Many Polish people possess a heroic - even radical - hospitality. The ultimate cause of Polish homes, hostels and hotels welcoming the stranger can be proffered: their faith in God. The Poles have a saying:  

“When a neighbour is under your roof then God is under your roof.” 

 In the 12th century Boleslav the Bold had Bishop Stanislav murdered while celebrating mass (let the English understand). The Poles turned against their king and embraced Stanislav as their martyr and patron. To be received back into the good graces of his people, Boleslav placed a Benedictine foundation in every Cathedral of the land. Rule 53 of Benedict’s Rule states that monks are to receive every stranger as Christ. The common saying of the Poles (if a neighbour is under your roof then God is under your roof) has its roots in this ancient act of royal penance. This Christian practice of hospitality was the core strategy of the Christianization of Poland. In the history of Benedictine evangelization through Christian hospitality we’ve finally hit the bedrock of the Polish response. 

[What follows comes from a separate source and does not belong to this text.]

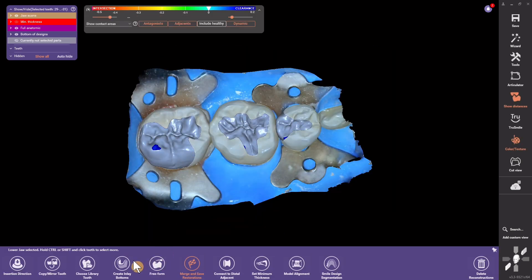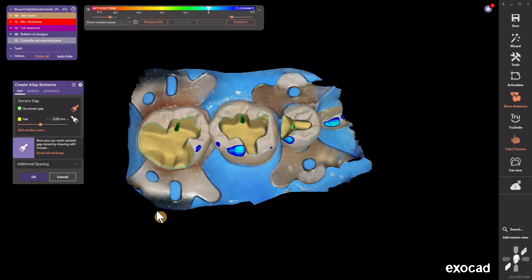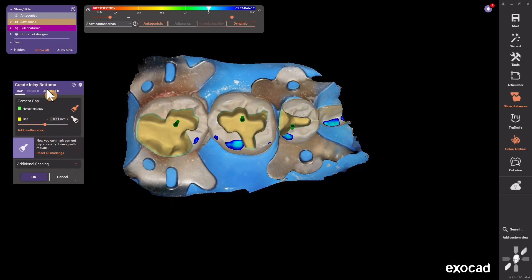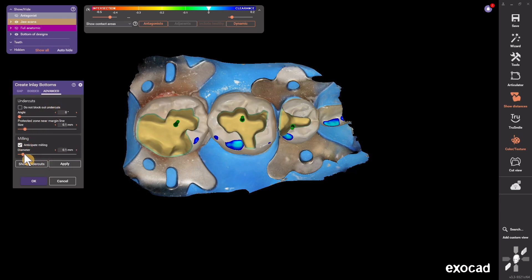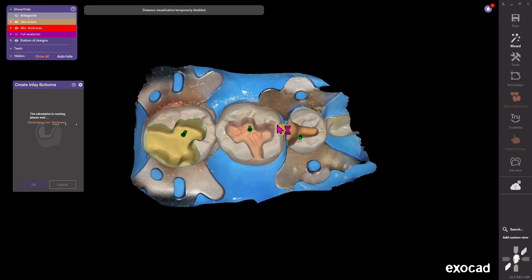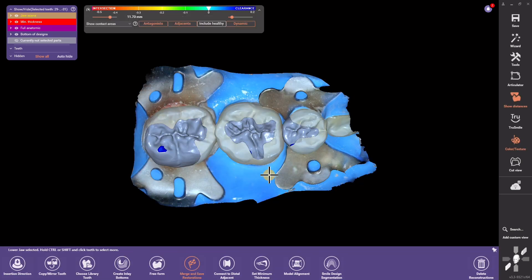It's not like you're recapitulating all the steps — you're just modifying one thing and keeping all the changes that occurred after that step. For example, if you want to change your cement gap because they were too tight and didn't fit, you can come in and increase the cement gap. Or maybe you forgot to anticipate milling and set your tool size. When you click OK, it saves those changes in that particular step while also preserving all your free-forming, proximal contact strengths, and occlusal contacts right where you want them.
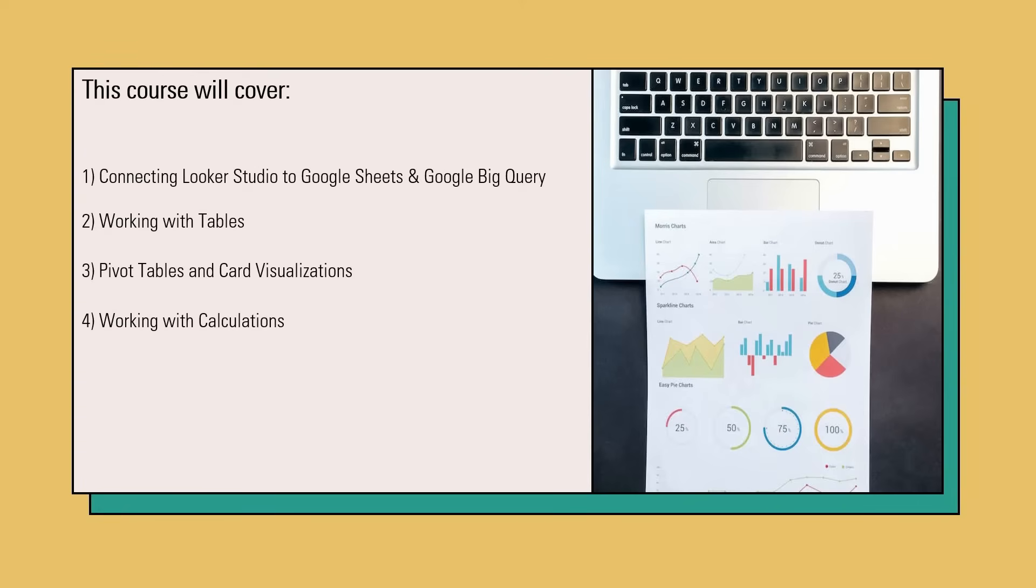In the next step, we will be focusing on calculations. You will see functions and formulas that you can use in Google Looker Studio. After we cover all these steps, we will be focusing on two of the most important parts.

They understand people need not only justice but also transcendence in order to flourish. Or even survive.

However, it would be a stretch to say the Poles’ extraordinary response to their neighbours in need of shelter is simply the triumph of the distinct Benedictine character or even more genetically of Catholic sensibilities. Nothing this complex is that simple. All these factors are integrated in this moment. But after five visits to Poland since the third day of the initial invasion, I’ve concluded the Poles are, by and large, a uniquely virtuous people. Not morally virtuous - original sin is distributed evenly, even amongst Poles. But they are theologically virtuous: they are people shaped by faith, hope and love. They understand people need not only justice but also transcendence in order to flourish. Or even survive. 

Their great 20th Century saint, Pope John Paul II, during the Stalinist occupation, taught them the practices of Domestic Church. The domestic church is nothing less than the family faced outward in love. Christianity began as a domestic movement. Writing to residents of Rome, St Paul greets the Christians who gather weekly in each other’s homes). In moments of great distress Christians have been known to revert to these root realities, these primal instincts. Not always, of course. But in February of 2022 and for the many following months they have. In Poland.  

We are sitting on the most amazing story the world has mostly not heard about. I’m grateful to tell the world what I’ve seen unfold before my very eyes. I wish my telling was adequate to the Poles’ heroism. For as they modestly tell it “we just have to.”